R&D: Spin–Orbit Torques of In-Plane Magnetized System Modulated by Spin Transport in Ferromagnetic Co Layer

APL Materials has published an article written by Fen Xue, Department of Electrical Engineering, Stanford University, Stanford, California 94305, USA, Shy-Jay Lin, Corporate Research, Taiwan Semiconductor Manufacturing Company, Hsinchu 30078, Taiwan, Peng Li, Department of Electrical and Computer Engineering, Auburn University, Auburn, Alabama 36849, USA, William Hwang, Department of Electrical Engineering, Stanford University, Stanford, California 94305, USA, Yen-Lin Huang, Corporate Research, Taiwan Semiconductor Manufacturing Company, Hsinchu 30078, Taiwan, Wilman Tsai, Department of Materials Science and Engineering, Stanford University, Stanford, California 94305, USA, and Shan X. Wang, Department of Electrical Engineering, Stanford University, Stanford, California 94305, USA and Department of Materials Science and Engineering, Stanford University, Stanford, California 94305, USA.

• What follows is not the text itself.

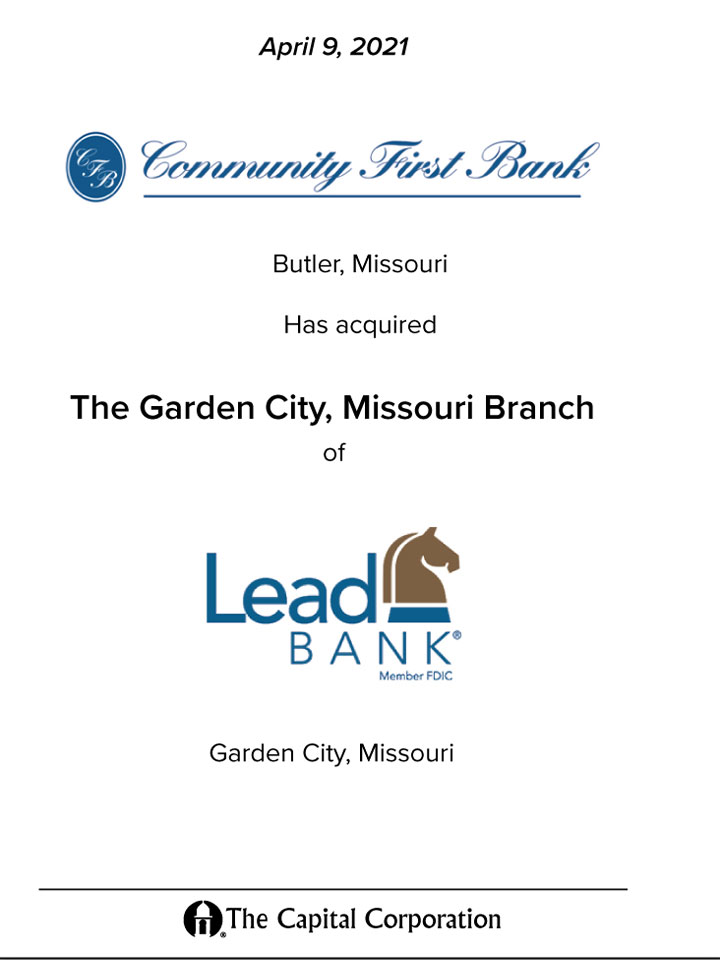 Community First Bank / Lead Bank transaction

Abstract: “Spin–orbit torque (SOT) magnetoresistive random-access memory (MRAM) devices have been proposed for energy efficient memory and computing applications. New classes of materials such as antiferromagnets, topological insulators, and semimetals can generate spins with unconventional polarization and improve the efficiency of field-free SOT switching. In this work, we report significant changes in SOTs due to a Co thin film inserted in the Pt/Co/Mg/CoFeB heterostructures. Remarkably, the damping-like effective field has been enhanced by 7.4 times after inserting a thin Co layer with weak perpendicular magnetic anisotropy (PMA), while the field-like effective field is reduced to near zero value. Independent characterizations were performed to verify the presence of the changes in SOTs following spin modulation by the Co insertion layer. In addition, we found that the dynamic spin pumping coupling between Pt/Co with weak PMA and the in-plane CoFeB could significantly modulate the effective SOTs in the heterostructure, and this effect is dependent on the thickness of the spacer Mg through long-range spin-wave mediated coupling. Our work has experimentally demonstrated a new avenue to modulate SOTs with physically sputtered metal layers, and this finding is promising to enable flexible and efficient spin polarizations for MRAM devices.“